House prices can be volatile over short periods, the long-term trend over decades has seen the price of houses rise greatly relative both to earnings and to most other goods and services. Three decades ago, on average, houses cost less than 4.5 times earnings; today they cost 9 times earnings. This real growth in house prices has, over the period, reduced the financial risk faced by housebuilders and inevitably has become factored into their strategies.
That growth in the value of homes did not come from improvements in the physical housing stock. It came, in effect, from the rise in the price of the land under homes, or more precisely from the location. Between 2007 and 2019 the capital value of the UK’s dwellings, excluding land, rose by 32 per cent, while the value of land (most of which is associated with homes) increased by 71 per cent. Increasingly easy access to finance was a key reason for the price growth, with quantitative easing and exceptionally low mortgage rates a massive boost in recent years.

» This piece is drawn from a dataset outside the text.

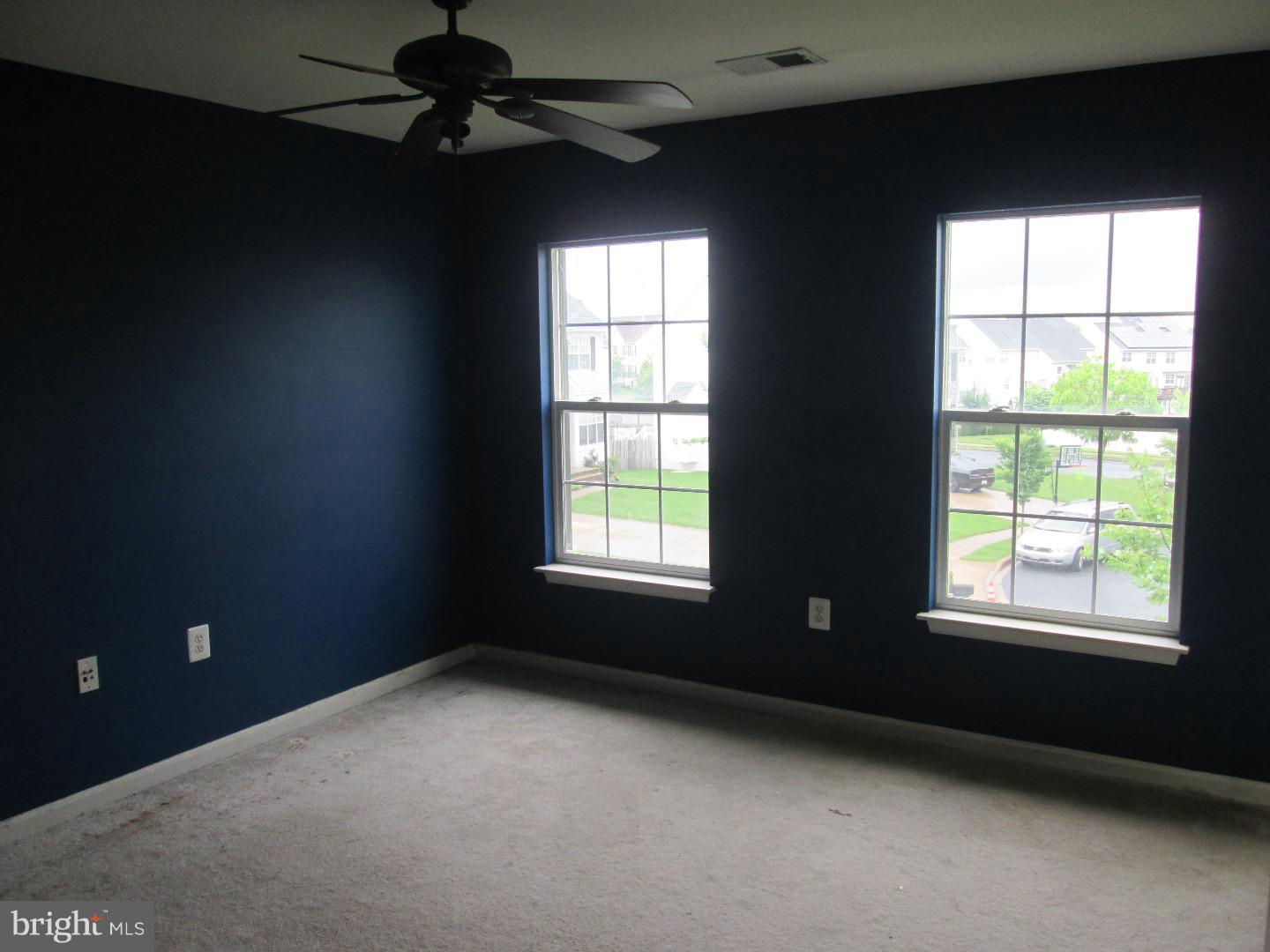 601 Crossover Court Frederick, MD 21703 - Photo 7 of 17 a view of an empty room with a window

The rise in house prices over this period has, from a household perspective, resulted in an increasing share of income being spent on housing. This is illustrated in Chart 2 (above), which provides a rough guide to the percentage of household income spent on housing and other core goods and services, based on the weighting allotted to elements of spending in calculating retail price inflation.
Donnell argues that with other costs rising, spending on housing will be more constrained. Also, longer term, the household funds needed to improve the existing housing in the face of climate change and net zero will also have a downward pressure on house prices.
He also suggests that the need for more family homes will diminish as the demand for homes increasingly shifts towards the growing proportion of elderly households. The high demographic wave of baby boomers has now reached the shores of retirement. This cohort currently holds a disproportionate bulk of housing wealth in the UK so will have a disproportionate impact on demand in the market.
Aspects of this view are shared by Yolande Barnes, chair of the Bartlett Real Estate Institute, in her article. But her vision of the future suggests deeper challenges for developers and their conventional business models. She believes they will have to radically change as destabilising forces, such as digitalisation and demographics, alter how people live, work, connect and play.
Her view is that there will be a shift, particularly in cities, towards ‘hypermixity’ – characterised by neighbourhoods that are far more integrated, complex and fine-grained, where building uses are far more flexible and interwoven. She also believes that current planning use classes will be seen as inadequate to deliver neighbourhoods that need to accommodate all human activity simultaneously.
These views of the future are inevitably open to challenge. But the implications of the views of both Barnes and Donnell hint at a paradigm shift in the way we deliver housing for people in the future. This has profound implications for the business models adopted by housebuilders. But importantly, from the perspective of architects, it opens new avenues for their expertise.